#### How to complete this task
Your output should be the lines below from the one with "Thumbnail blogpost New" through the one with "Crocs pentru fetite", copied exactly, pictures excluded.

(Collected data entries)
•••

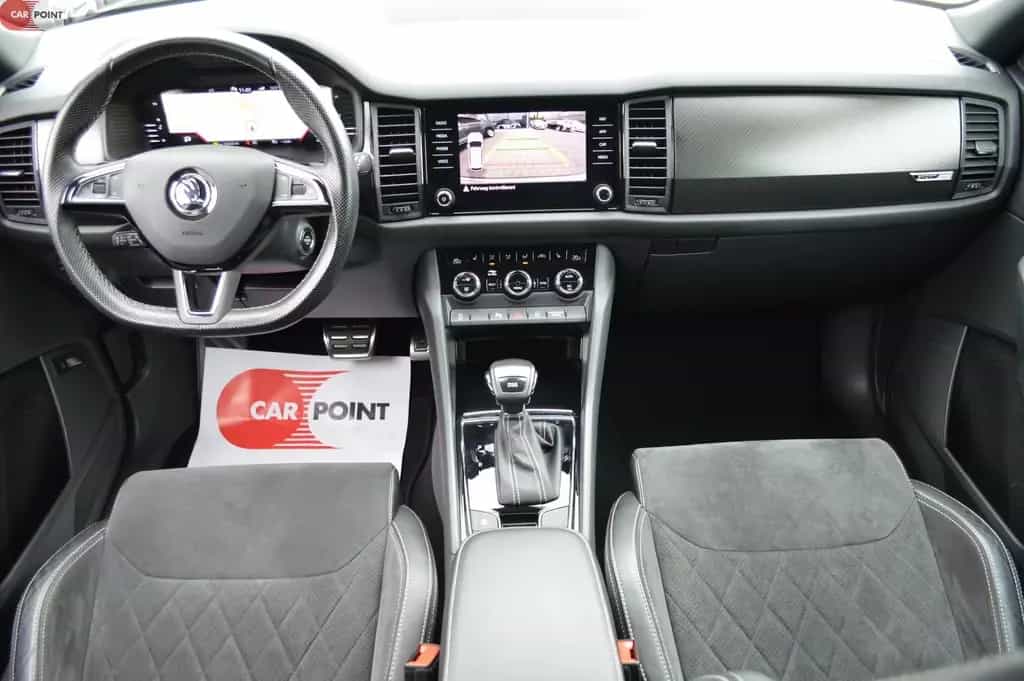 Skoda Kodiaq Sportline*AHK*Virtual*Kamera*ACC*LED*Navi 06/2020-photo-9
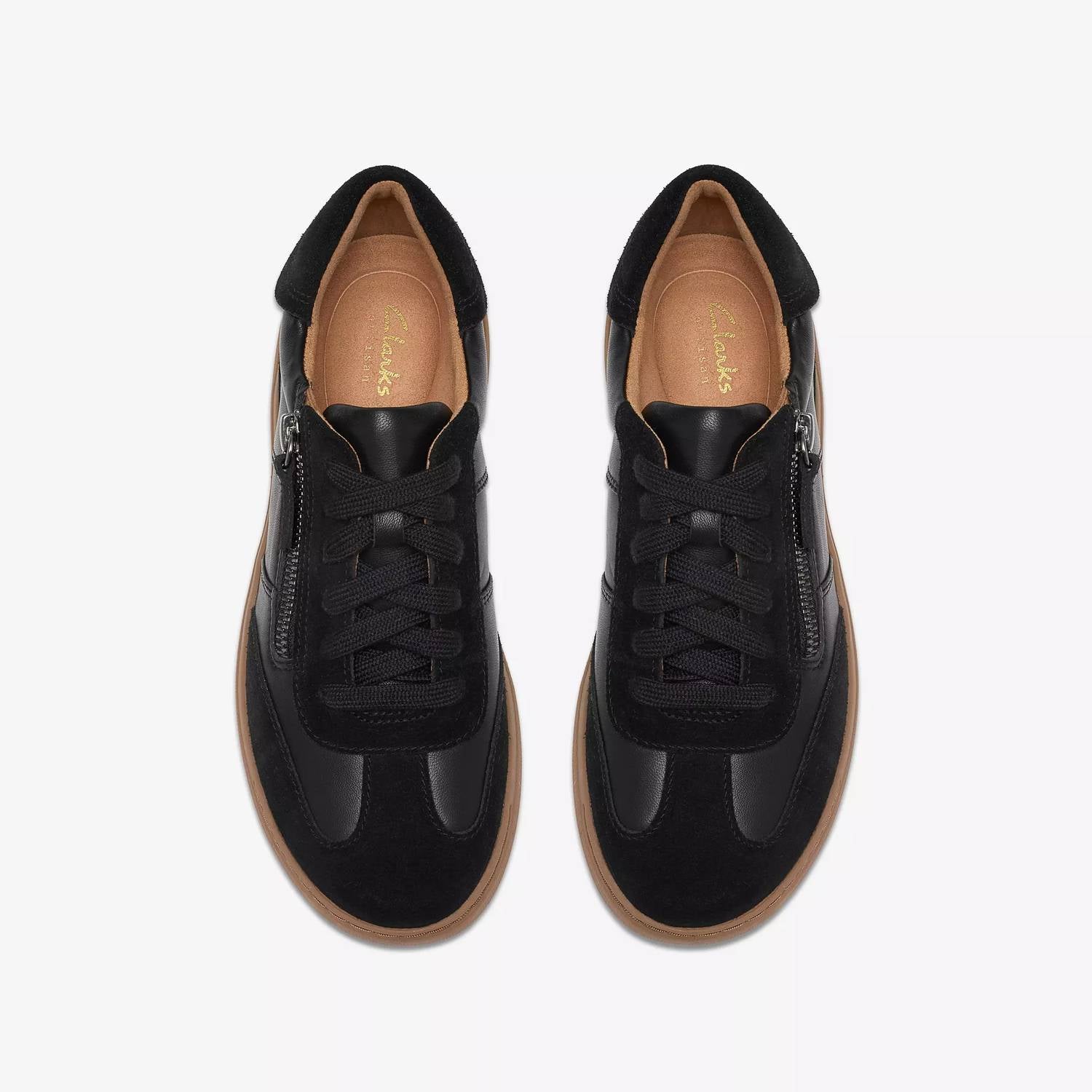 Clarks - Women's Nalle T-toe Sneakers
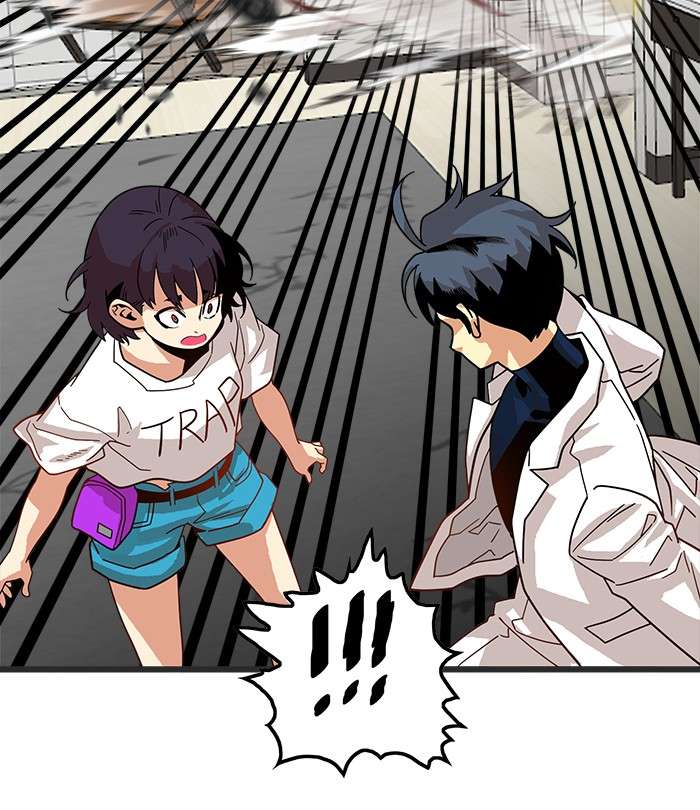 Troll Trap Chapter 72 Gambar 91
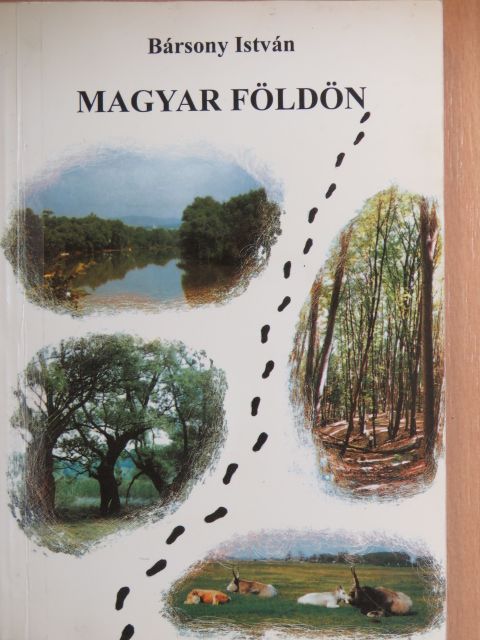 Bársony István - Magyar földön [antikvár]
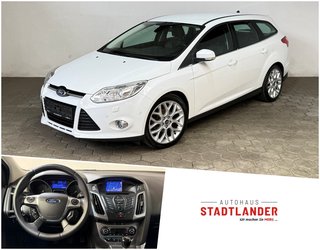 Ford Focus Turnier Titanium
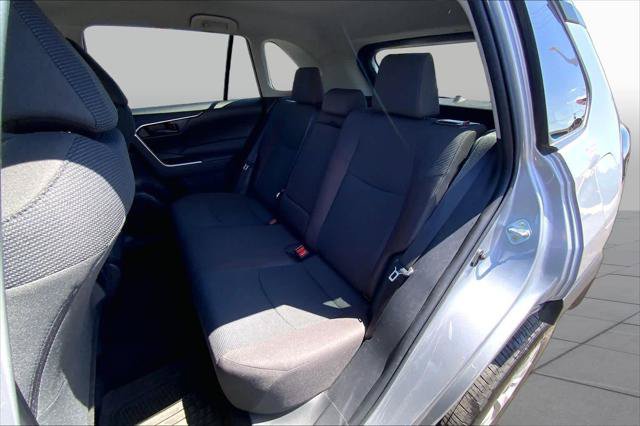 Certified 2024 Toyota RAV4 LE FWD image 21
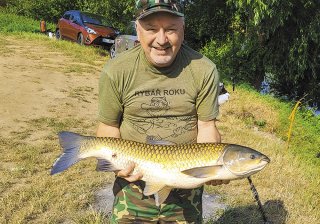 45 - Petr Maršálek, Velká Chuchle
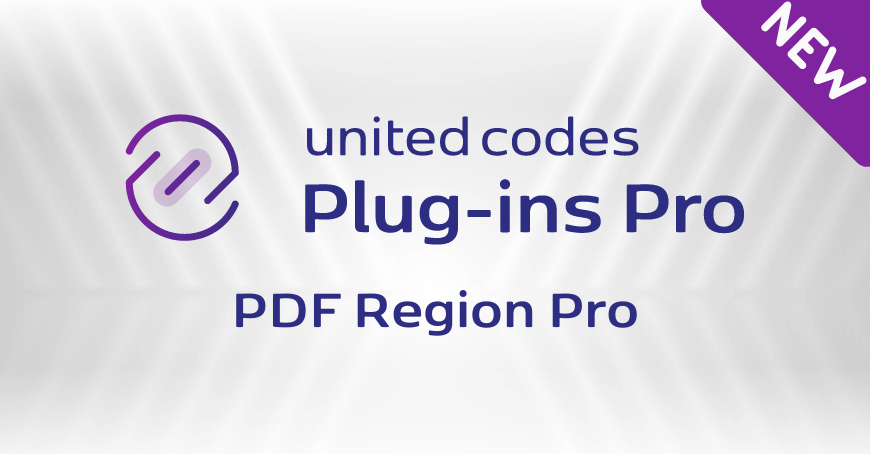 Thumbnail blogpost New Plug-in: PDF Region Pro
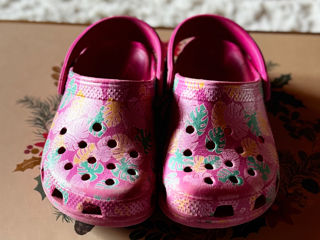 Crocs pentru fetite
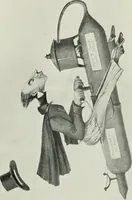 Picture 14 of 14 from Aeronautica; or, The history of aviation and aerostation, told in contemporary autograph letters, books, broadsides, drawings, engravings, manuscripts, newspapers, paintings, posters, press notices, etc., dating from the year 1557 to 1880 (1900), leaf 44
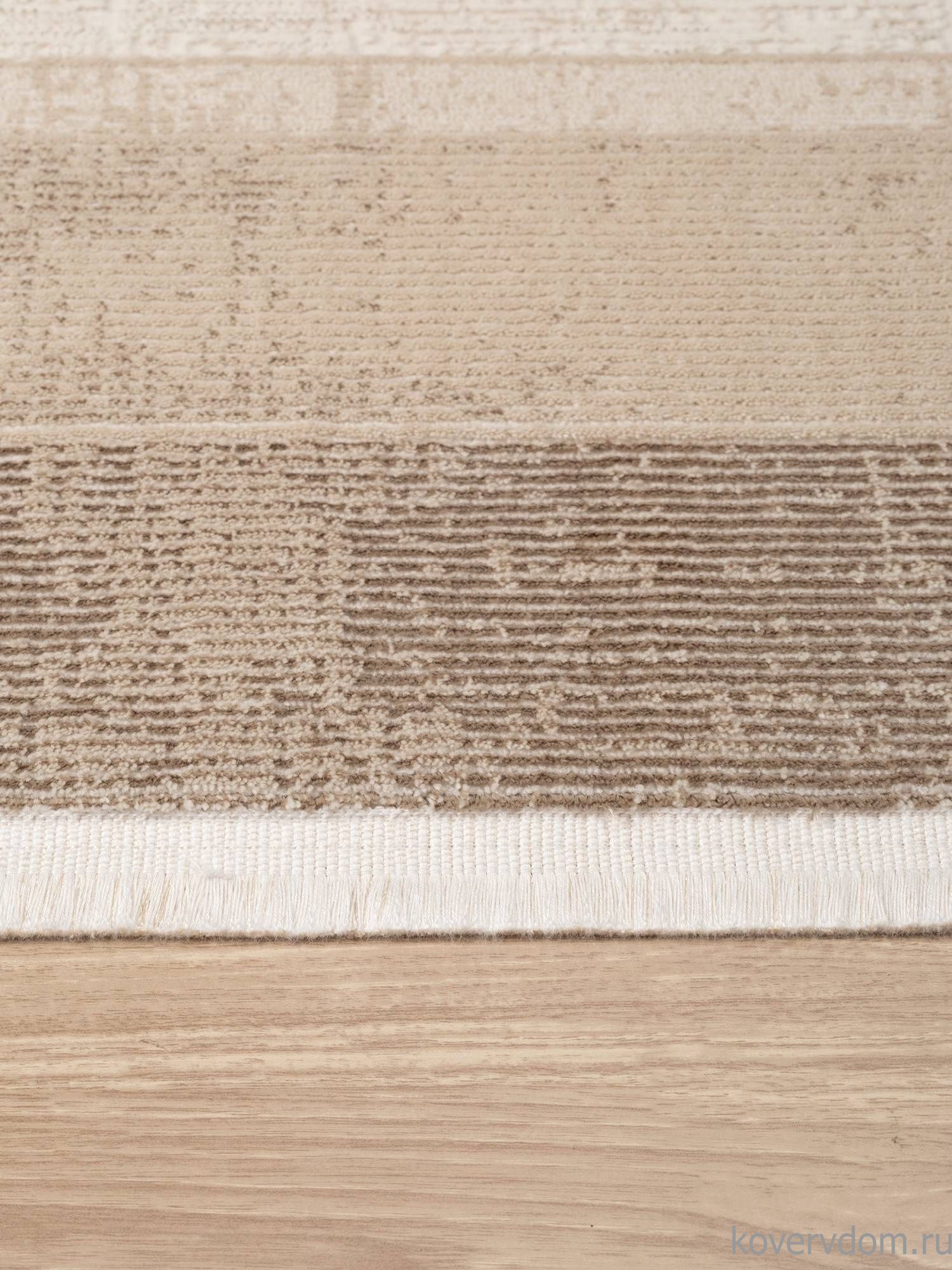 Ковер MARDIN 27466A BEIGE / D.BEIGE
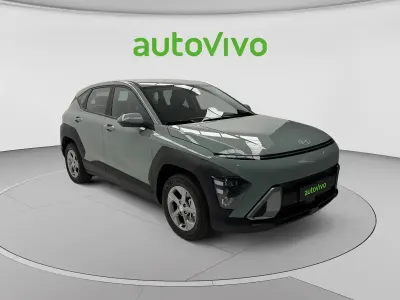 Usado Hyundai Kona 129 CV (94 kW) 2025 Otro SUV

•••

#### Task result
 Thumbnail blogpost New Plug-in: PDF Region Pro
 Crocs pentru fetite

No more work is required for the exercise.